Now it is possible to work through all his assumptions and nip at them in detail. For example, he assumes we need about 20 million tonnes of lithium in order to replace the global internal combustion engine fleet with battery powered. Not a bad assumption. The Tesla Master Plan 3 comes to the same answer. But if we want to have weeks and weeks of battery power for the whole of society we’re going to need much more than that. Which is a problem, mineral resources are only around 90 million tonnes, so, we’re stuffed.
And, well. Here’s the problem. We’re all — including Michaux — using United States Geological Survey Numbers. In 2023 lithium:
Owing to continuing exploration, identified lithium resources have increased substantially worldwide and total about 98 million tons.
Owing to continuing exploration, measured and indicated lithium resources have increased substantially worldwide and total about 105 million tons.

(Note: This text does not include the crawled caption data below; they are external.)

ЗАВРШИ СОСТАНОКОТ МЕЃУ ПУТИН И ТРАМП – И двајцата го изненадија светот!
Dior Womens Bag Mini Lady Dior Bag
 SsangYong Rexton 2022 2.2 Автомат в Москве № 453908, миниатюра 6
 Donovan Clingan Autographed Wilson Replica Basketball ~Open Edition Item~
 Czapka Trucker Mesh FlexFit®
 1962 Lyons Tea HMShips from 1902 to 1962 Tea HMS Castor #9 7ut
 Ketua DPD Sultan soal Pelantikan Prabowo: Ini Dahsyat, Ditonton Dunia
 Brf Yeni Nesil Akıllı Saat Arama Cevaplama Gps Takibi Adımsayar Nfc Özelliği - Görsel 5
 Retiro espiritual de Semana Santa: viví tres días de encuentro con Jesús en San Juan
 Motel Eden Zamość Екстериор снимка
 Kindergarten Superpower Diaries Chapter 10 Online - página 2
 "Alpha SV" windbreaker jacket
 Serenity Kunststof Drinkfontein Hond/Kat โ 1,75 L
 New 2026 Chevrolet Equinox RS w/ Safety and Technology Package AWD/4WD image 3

Wait, what? We can get more mineral resources if we go looking for them? Well, if that’s true then the size of mineral resources cannot be the limitation on how much is out there, right?
This then brings us to the basic mistake that has been made here. We’ve been through this here a number of times.
Figures 28 & 29 shows the needed quantity of metal to phase out fossil fuels (assuming all four power storage buffer capacities) is compared against the total metal content in the whole planetary environment, including the deep ocean polymetallic nodules under sea resources (Hein et al. 2020). So, Figure 28 shows reported mineral reserves plus estimated mineral resources on land plus estimated undersea mineral resources. This is the summation of mineral reserves, resources, on land and under the sea, in the planetary environment. Even with this extreme summation of conventional and unconventional sources, there was not enough copper, nickel, lithium, cobalt, or vanadium to manufacture even just the first generation of renewable technology to replace the existing fossil fuel industrial system.
That’s on page 240 and yes, I had to read (OK, speed read/skim) to get to his simple statement of his mistake. You owe me guys, 239 pages worth.
He’s right that mineral resources can be converted into mineral reserves by the application of time and effort — capital, really. But he thinks that mineral resources are the definition of the mineral deposits that exist. Which just ain’t true — mineral resources are mineral deposits that people have applied time and effort — capital really — to defining. That’s how mineral resources, as defined by our common source at USGS, can increase year on year.